* _PROBLEM DETAILS_
Look below for the line containing "If you want a bigger back, do this". Output it and each remaining line of the entries exactly, and nothing else.

Saved entries

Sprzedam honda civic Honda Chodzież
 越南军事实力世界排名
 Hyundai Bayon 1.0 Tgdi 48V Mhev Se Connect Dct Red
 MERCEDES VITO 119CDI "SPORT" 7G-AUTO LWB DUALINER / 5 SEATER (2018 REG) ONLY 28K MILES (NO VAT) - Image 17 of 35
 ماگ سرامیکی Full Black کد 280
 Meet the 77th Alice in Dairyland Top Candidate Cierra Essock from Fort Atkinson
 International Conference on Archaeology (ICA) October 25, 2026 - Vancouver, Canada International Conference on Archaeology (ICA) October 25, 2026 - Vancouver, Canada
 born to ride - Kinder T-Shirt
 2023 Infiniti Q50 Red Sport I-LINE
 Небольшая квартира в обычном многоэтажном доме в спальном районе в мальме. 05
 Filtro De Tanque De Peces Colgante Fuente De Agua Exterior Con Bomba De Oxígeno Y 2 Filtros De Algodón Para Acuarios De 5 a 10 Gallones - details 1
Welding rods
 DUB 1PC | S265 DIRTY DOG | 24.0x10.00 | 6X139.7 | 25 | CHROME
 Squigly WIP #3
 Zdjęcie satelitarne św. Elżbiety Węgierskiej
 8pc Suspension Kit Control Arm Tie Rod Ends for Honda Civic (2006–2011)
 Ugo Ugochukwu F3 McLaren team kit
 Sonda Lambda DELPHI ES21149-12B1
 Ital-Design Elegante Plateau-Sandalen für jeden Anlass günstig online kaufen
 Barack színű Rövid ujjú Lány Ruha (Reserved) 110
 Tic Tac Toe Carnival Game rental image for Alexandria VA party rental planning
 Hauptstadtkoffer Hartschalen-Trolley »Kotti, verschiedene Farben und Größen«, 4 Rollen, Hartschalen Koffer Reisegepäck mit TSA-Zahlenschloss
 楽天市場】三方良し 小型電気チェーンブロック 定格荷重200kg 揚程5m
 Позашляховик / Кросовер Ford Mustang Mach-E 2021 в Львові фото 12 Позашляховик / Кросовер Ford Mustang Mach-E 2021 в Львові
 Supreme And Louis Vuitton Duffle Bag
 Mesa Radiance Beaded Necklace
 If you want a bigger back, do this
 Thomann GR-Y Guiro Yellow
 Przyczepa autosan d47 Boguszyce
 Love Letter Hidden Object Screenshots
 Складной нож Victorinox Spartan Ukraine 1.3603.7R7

* _TASK SOLUTION_
 If you want a bigger back, do this
 Thomann GR-Y Guiro Yellow
 Przyczepa autosan d47 Boguszyce
 Love Letter Hidden Object Screenshots
 Складной нож Victorinox Spartan Ukraine 1.3603.7R7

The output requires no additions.